“Signor Kruze, lei non si ama abbastanza”
La donna dall’altra parte del vetro antiproiettile alza svogliata lo sguardo su di me. Ha sul volto un numero altissimo e imprecisato di rughe. Gli occhiali con la montatura rossa e vistosa sono come un pugno in un occhio, allungati sul lato superiore e con due piccoli brillantini alle estremità. Dubito siano pietre preziose. Sbalzano dal quadro prevalentemente grigio che ho di fronte, in una specie di rappresentazione teatrale grottesca il cui unico personaggio sta antipatico perfino allo sceneggiatore. La parete alle sue spalle, i capelli, perfino il colore della sua pelle. Tutto grigio. Gli occhi stanchi e annoiati sembrano presenti solo per dissimulare l’apparente piacere che la signora che ho di fronte sta provando in questo momento. Chissà quanti come me si saranno soffermati su quegli occhiali così odiosi, in momenti come questo.
Il completo color caffèlatte è immobile e non segue i movimenti naturali del corpo. Sembra quasi sia ancorato alla postazione.
“Vede, l’alcolismo, la disoccupazione e la sua tendenza all’uso di sostanze psicotrope non la rendono abile a compiere il suo servizio. È richiesto a tutti lo stesso impegno”.
La sua espressione facciale rimane uguale. Ciò che deve pronunciare non è altro che una semplice sequenza di suoni, nella sua testa. Pronuncia le frasi con una calma esasperante e le intervalla a lunghe pause.
“Come pensa che possa essere tollerato un tale comportamento? Lei è un parassita”.
Lo schermino rosso in basso a sinistra del vetro diventa all’improvviso verde. È il segnale: posso parlare.
“Ma vede, ho quasi smesso di bere e mi sto impegnando per cerc-” Torna rosso.
“Secondo i nostri archivi ha detto la stessa cosa tre mesi fa. Ancora non è riuscito a risolvere la sua condizione?”
Batte velocemente sulla tastiera del computer, fruga brevemente nella mia testa e nella mia storia.
“Non ha una relazione stabile dal 2015. Sedici anni di precarietà mentale ed emotiva non la turbano, Signor Kruze?”
Quali parole sono state scelte per descrivermi nel rapporto dettagliato che compare sullo schermo?
Sovversivo, recidivo, instabile? Forse inetto, pigro e trepido. Dice quali siano le mie opinioni, le mie passioni, i miei gusti? C’è la mia firma sul fondo del contratto?
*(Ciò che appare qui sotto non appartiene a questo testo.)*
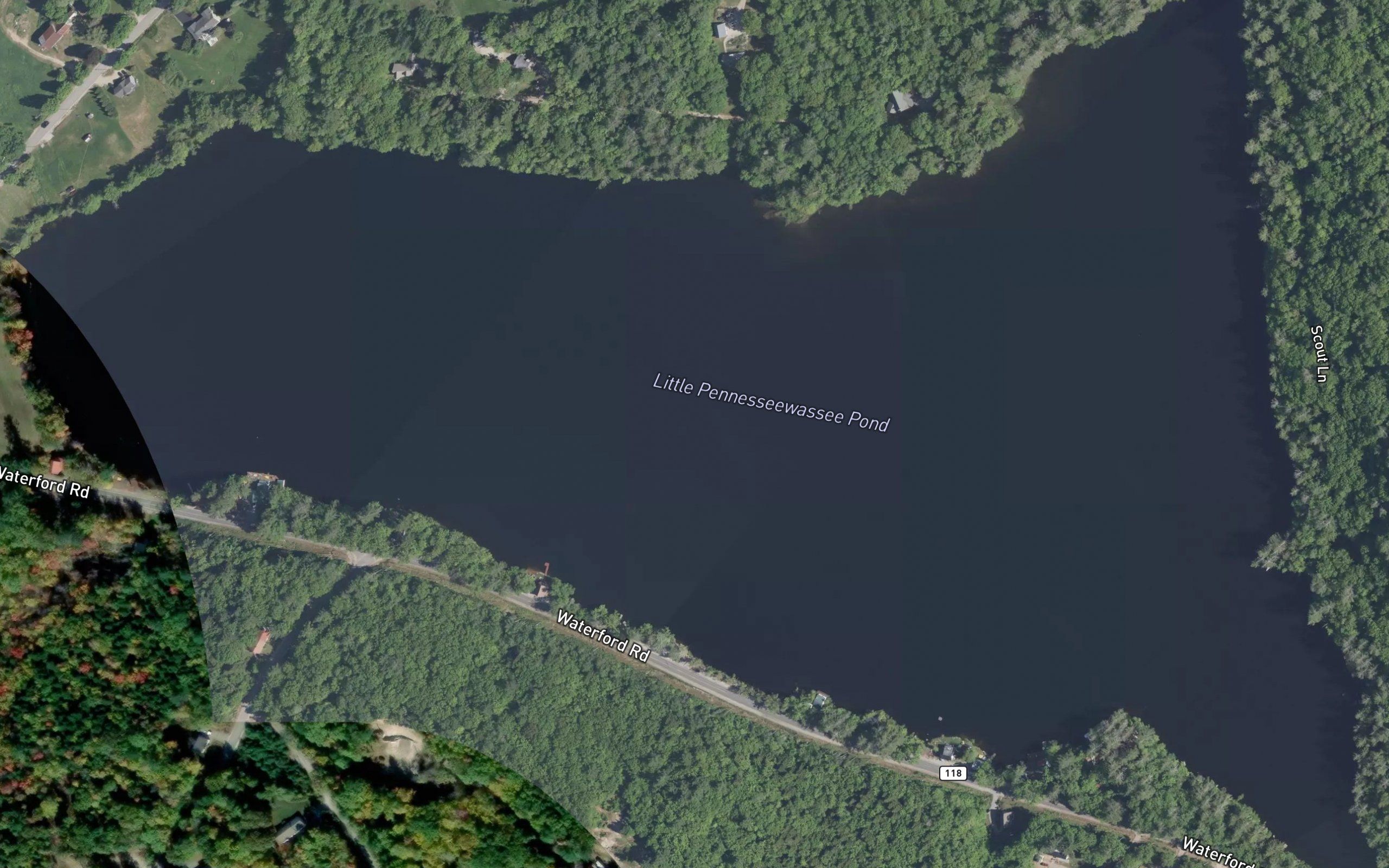 Little Pennesseewassee Pond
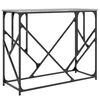 vidaXL Konsolentisch Grau Sonoma 100x40x80 cm Holzwerkstoff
Il giovane ben vestito di fronte allo sportello accanto mi squadra. Lo legge nel mio sguardo: Inadatto. Sembra preoccupato per me, ma in fondo in fondo so che prova per la maggior parte disgusto. In alto, sul soffitto, l’unica apertura sul mondo esterno lascia entrare un goccio di colore. Sono basso e magro. Avessi le ali, sottili e trasparenti come un insetto, volerei fino in cima e uscirei da quella finestra circolare. Nessuno mi vedrebbe, nessuno mi seguirebbe. Nessuno mi potrebbe chiedere qualcosa in cambio della mia esistenza.
“Lei è tenuto, tra le altre cose, a produrre almeno due figli. Come pensa di fare se non si innamora?” domanda.
“Beh, mica ci riesco a comando” sussurro. Lo schermo resta rosso, la signora non mi sente e nemmeno alza lo sguardo. Non si aspettava una risposta, evidentemente.
“Il prossimo appuntamento è tra 3 mesi. Dovrà portare la documentazione necessaria a provare che ha smesso di bere e di drogarsi. Inoltre dovrà fornire una lettera di raccomandazione del suo datore di lavoro, ammesso che lei riesca a trovare un impiego. Lei non riuscirà mai ad essere utile alla società se prima non impara ad amare. E non riuscirà mai ad amare qualcuno se prima non ama sè stesso. Le è chiaro questo?” Mi mostra un inquietante sorriso bianco e perfetto.
“Vogliamo tutti vederla felice, signor Kruze. Non lo vuole anche lei?”